COMMONWEALTH of Kentucky DEPARTMENT OF HIGHWAYS, Appellant,
v.
Wurts CHINN, Appellee.
Court of Appeals of Kentucky.
October 27, 1961.John J. Blackburn, Legal Section, Dept. of Highways, Covington, Hafford E. Hay, Asst. Atty. Gen., for appellant.
Bates & Nicholls, Greenup, for appellee.
MOREMEN, Judge.
Appellee, Wurts Chinn, filed a complaint with the Board of Claims (KRS 44.070-44.990) by which he sought to recover damages from the commonwealth resulting from alleged negligence on its part in constructing and maintaining U. S. Highway 23, which abuts a small tract of land owned by him.
*623 The testimony offered by appellee Chinn is vague and uncertain and it is impossible to gather from the record the exact nature of his complaint. We surmise that this is the real basis: Many years ago, Highway 23 was a plain gravel country road. In 1923 the state blacktopped it and periodically raised the surface by additional blacktopping so that the road became sufficiently high as to change the natural flow of the water and divert it onto appellee's property. This water stood on the ground and under a fifty-year-old, frame building on the lot with the result that the accumulation of water caused the structure to rot and deteriorate. Appellee also testified that at one time the Highway Department stopped up a drain which had helped control the flow of water and this action also contributed to cause the damage.

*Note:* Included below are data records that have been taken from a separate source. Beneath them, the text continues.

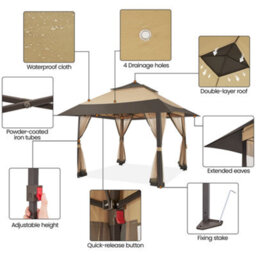 Yaheetech Khaki/brown 4X4M Pop-Up Gazebo Tent With 4 Mesh Sidewalls - thumbnail 4
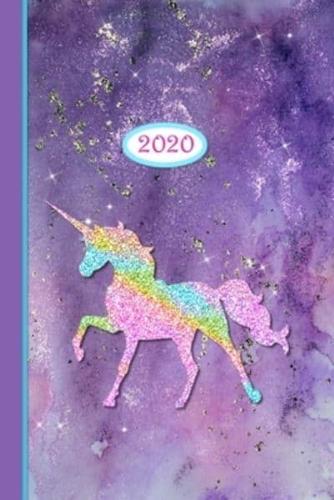 2020 Planner - Purple Rainbow Glitter Unicorn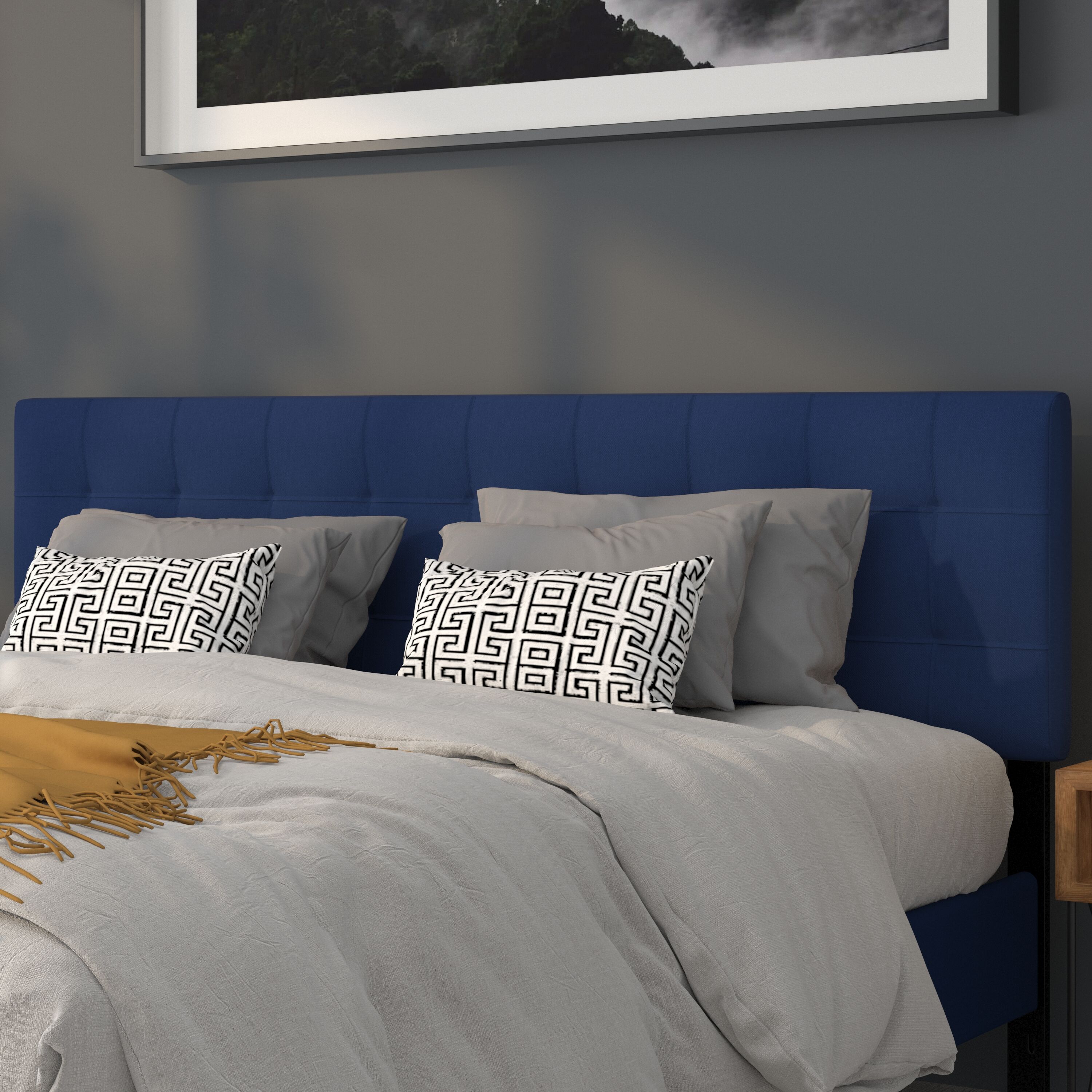 Flash Furniture 889142217114 Bedford Navy King Polyester Upholstered Headboard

After a hearing the Board of Claims awarded damages in the sum of $3,835. The commonwealth appealed to the Greenup Circuit Court where the action of the Board was affirmed hence this appeal.
The decisive question here is whether appellee's claim, which was filed with the Board on June 2, 1959, was timely. KRS 44.110 provides that a claim must be presented to the Board within one year from the time it first shall have accrued. We find nothing in the record which indicates that this claim accrued within one year before it was presented to the Board.

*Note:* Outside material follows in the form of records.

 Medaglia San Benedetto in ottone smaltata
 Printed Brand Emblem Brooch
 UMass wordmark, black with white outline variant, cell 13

The last re-surfacing of the road was had in 1957. As to the alleged negligence of the Highway Department in filling up the tiled drain, appellee testified:
"A. I understand the question, but I couldn't say exactly when this tile was stopped up.
"Q. Was it just a short time ago, or several years? A. Several years.

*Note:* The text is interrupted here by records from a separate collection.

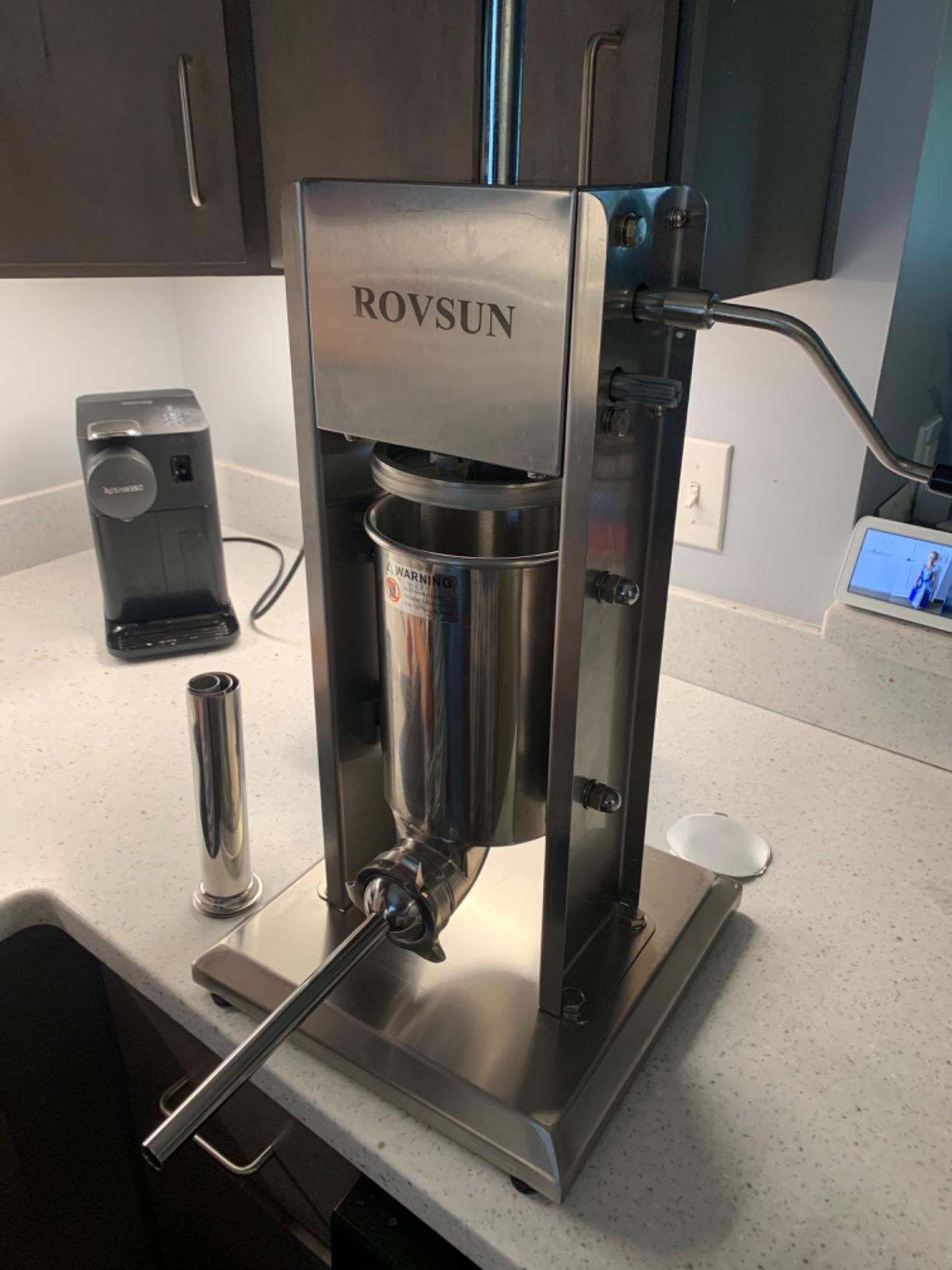 ROVSUN 15LBS/7L Manual Sausage Stuffer, Two Speed Stainless Steel Vertical Sausage Maker, Meat Filling Machine with 5 Stuffing Tubes for Commercial and Home customer photo 1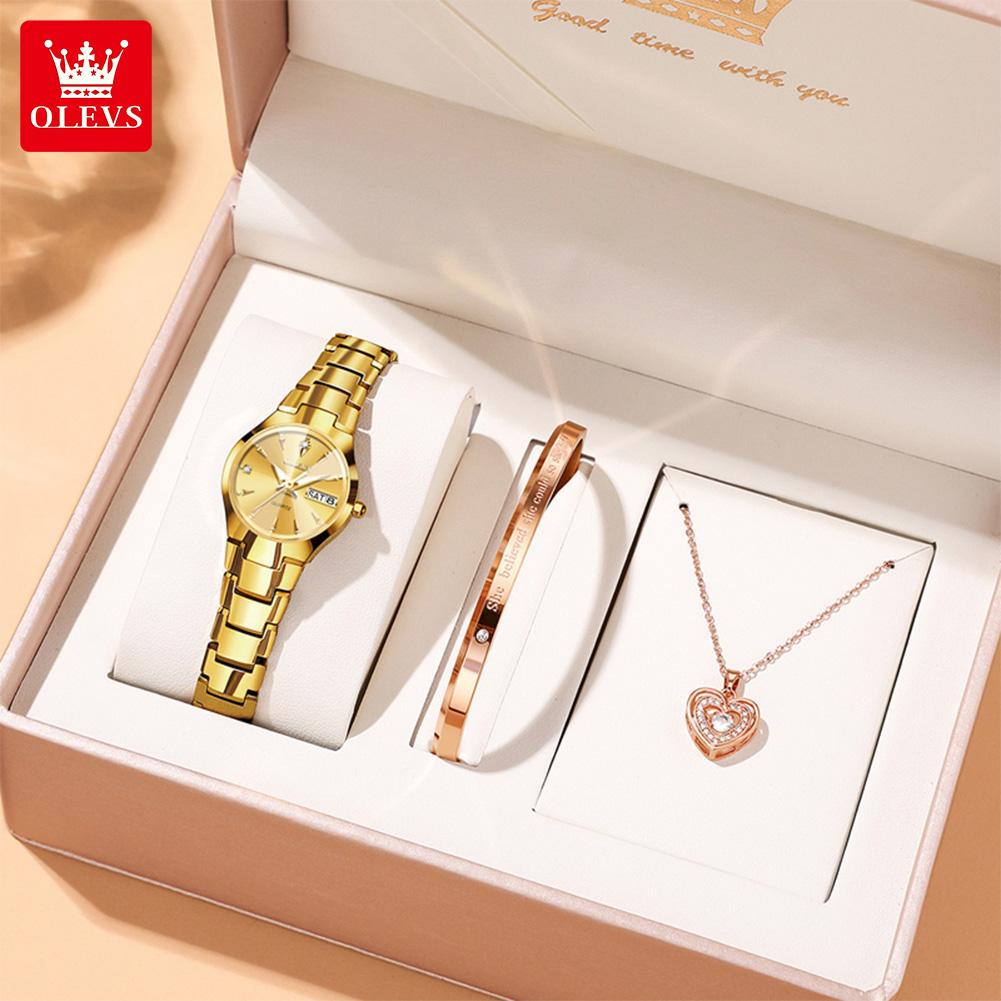 Luxury Watch With Bracelet - OLEVS Ladies Watch 8697 Luxury Elegant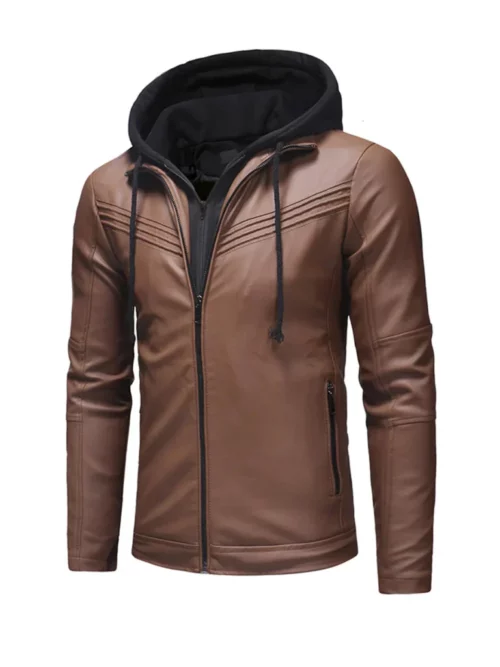Mens Brown Style Hooded Leather Jacket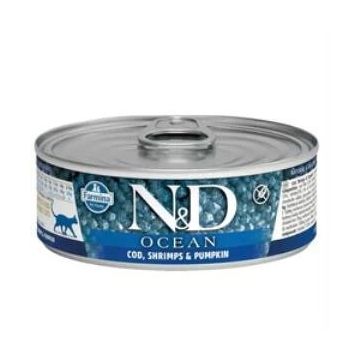 N&D Ocean 70 gr Balkabaklı Balıklı Karidesli Yavru Kedi Konservesi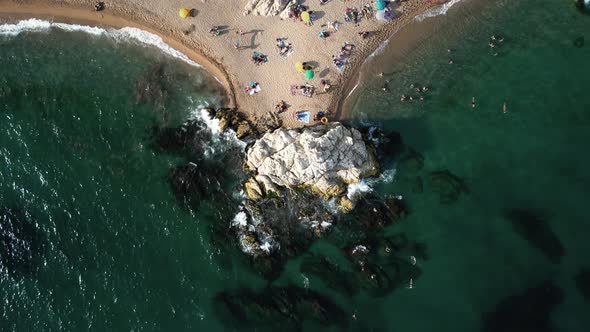 Aerial View of Cala Roca Grossa Beach in Calella Province Catalonia Spain alt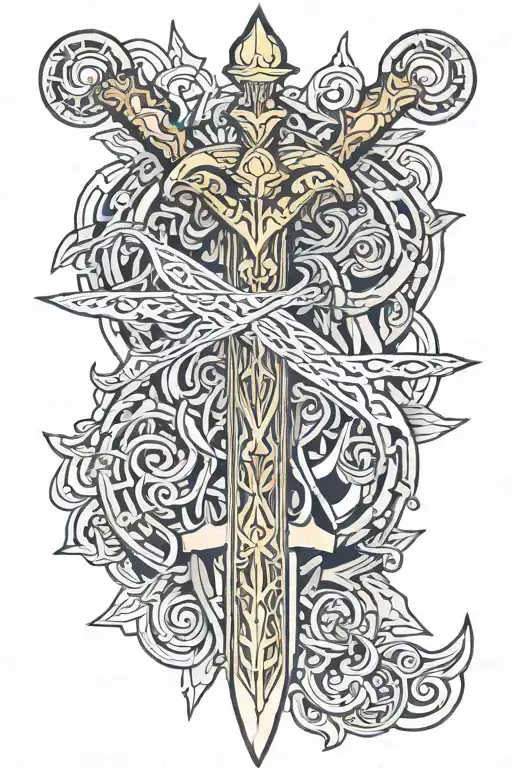 Sword With Trident Intertwined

"Q. Several years? A. Yes.
"Q. Has it been as many as ten years ago? A. I wouldn't say, but it's been several years ago they were working building that highway, doing something to it, and they stopped that tile up.
"Q. Do you personally know the State stopped up anything, or is that your best judgment what you think happened? A. Well, they were working on the highway.
"Q. You don't know whether the State stopped it up or not? A. They were working on the highway."
The commonwealth failed to plead that the claim was barred under KRS 44.110. Ordinarily under CR 12.03 a statute of limitation must be pled and a failure so to do constitutes a waiver of that defense.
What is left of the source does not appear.